И обе старались воспитывать во мне почтение к ним, но я считал их полоумными, не любил, не слушал и разговаривал с ними зуб за зуб. Молодая хозяйка, должно быть, замечала, как плохо действуют на меня некоторые речи, и поэтому все чаще говорила:
– Ты должен помнить, что взят из нищей семьи! Я твоей матери шелковую тальму подарила. Со стеклярусом!
Однажды я сказал ей:
– Что же мне за эту тальму шкуру снять с себя для вас?
– Батюшки, да он поджечь может! – испуганно вскричала хозяйка.
Я был крайне удивлен: почему – поджечь?
Они обе то и дело жаловались на меня хозяину, а хозяин говорил мне строго:
– Ты, брат, смотри у меня!
Но однажды он равнодушно сказал жене и матери:
– Тоже и вы хороши! Ездите на мальчишке, как на мерине, – другой бы давно убежал али издох от такой работы…
Это рассердило женщин до слез; жена, топая ногою, кричала исступленно:
– Да разве можно при нем так говорить, дурак ты длинноволосый! Что же я для него, после этих слов? Я женщина беременная.
Мать выла плачевно:
– Бог тебя прости, Василий, только – помяни мое слово – испортишь ты мальчишку!
Когда они ушли, в гневе, – хозяин строго сказал:
– Видишь, чертушка, какой шум из-за тебя? Вот я отправлю тебя к дедушке, и будешь снова тряпичником!
Не стерпев обиды, я сказал:
– Тряпичником-то лучше жить, чем у вас! Приняли в ученики, а чему учите? Помои выносить…
Хозяин взял меня за волосы, без боли, осторожно и, заглядывая в глаза мне, сказал удивленно:
– Однако ты ерш!

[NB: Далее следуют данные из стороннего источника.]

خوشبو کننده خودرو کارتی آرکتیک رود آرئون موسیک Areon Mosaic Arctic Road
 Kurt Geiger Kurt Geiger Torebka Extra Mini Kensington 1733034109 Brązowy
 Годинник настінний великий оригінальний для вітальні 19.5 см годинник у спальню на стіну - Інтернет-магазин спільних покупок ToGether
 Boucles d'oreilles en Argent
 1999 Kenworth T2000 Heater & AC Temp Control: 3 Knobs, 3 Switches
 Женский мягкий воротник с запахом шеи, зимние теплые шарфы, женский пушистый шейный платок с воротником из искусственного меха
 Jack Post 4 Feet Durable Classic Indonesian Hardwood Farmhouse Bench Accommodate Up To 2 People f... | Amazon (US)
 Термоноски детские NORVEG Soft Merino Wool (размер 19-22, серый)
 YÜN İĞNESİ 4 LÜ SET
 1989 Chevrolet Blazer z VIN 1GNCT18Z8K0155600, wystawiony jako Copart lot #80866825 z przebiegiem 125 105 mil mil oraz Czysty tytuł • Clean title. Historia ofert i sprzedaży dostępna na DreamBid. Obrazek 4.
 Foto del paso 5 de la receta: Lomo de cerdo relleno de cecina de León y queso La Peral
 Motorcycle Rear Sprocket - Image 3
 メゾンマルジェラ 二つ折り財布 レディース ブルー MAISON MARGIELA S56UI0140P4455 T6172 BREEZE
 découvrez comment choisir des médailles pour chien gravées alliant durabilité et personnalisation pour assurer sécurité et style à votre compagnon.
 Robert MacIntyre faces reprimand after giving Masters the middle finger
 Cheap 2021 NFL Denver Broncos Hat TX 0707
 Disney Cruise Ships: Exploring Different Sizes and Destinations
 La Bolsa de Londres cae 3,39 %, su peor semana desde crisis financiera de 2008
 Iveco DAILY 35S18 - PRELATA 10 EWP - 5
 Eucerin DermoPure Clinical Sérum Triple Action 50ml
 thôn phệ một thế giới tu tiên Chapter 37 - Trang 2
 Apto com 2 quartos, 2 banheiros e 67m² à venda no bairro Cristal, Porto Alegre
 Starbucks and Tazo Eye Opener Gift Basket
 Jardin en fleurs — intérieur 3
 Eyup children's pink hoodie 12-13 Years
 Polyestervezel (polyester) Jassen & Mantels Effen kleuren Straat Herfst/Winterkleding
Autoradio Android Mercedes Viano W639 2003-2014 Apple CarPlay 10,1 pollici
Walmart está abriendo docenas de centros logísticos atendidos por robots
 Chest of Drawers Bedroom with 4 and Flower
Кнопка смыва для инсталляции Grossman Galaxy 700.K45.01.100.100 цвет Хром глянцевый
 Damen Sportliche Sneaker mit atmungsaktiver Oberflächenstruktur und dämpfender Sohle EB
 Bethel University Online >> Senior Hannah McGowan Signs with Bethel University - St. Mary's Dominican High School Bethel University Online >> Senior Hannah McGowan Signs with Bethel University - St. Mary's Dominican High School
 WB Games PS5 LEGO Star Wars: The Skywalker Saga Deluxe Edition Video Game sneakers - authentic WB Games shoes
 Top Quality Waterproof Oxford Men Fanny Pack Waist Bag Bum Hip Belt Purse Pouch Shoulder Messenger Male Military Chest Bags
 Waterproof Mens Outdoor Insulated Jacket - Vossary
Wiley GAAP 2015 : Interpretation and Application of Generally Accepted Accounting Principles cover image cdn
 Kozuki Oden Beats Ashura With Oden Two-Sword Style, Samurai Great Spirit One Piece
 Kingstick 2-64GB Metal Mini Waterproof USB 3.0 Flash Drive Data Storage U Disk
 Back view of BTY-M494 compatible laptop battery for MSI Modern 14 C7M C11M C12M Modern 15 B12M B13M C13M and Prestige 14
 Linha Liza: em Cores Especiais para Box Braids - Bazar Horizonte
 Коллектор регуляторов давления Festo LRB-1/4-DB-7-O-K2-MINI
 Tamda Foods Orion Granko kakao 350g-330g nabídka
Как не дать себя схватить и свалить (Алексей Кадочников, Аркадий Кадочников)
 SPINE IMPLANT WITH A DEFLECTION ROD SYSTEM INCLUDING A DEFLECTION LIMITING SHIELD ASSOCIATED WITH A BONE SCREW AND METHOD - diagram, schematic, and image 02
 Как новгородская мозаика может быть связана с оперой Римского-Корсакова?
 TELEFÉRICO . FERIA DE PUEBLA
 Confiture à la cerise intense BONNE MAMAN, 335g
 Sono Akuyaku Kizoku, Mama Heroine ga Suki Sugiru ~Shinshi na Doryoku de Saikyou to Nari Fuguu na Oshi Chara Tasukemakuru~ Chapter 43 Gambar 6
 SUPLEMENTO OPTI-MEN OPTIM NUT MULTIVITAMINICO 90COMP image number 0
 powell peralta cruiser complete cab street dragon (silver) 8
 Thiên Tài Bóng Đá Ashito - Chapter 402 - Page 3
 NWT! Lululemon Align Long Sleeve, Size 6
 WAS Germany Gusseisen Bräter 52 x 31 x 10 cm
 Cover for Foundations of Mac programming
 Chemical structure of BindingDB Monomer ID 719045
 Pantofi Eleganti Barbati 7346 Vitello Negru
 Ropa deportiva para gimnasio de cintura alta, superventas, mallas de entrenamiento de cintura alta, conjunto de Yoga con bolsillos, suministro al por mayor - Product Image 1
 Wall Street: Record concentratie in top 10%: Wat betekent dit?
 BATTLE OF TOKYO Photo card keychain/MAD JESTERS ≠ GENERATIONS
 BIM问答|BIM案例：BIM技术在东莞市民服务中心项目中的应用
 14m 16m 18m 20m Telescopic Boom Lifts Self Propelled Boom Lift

Это, брат, мне не годится, не-ет…
Я думал – меня прогонят, но через день он пришел в кухню с трубкой толстой бумаги в руках, с карандашом, угольником и линейкой.
– Кончишь чистить ножи – нарисуй вот это!
На листе бумаги был изображен фасад двухэтажного дома со множеством окон и лепных украшений.
– Вот тебе циркуль! Смеряй все линии, нанеси концы их на бумагу точками, потом проведи по линейке карандашом от точки до точки. Сначала вдоль – это будут горизонтальные, потом поперек – это вертикальные. Валяй!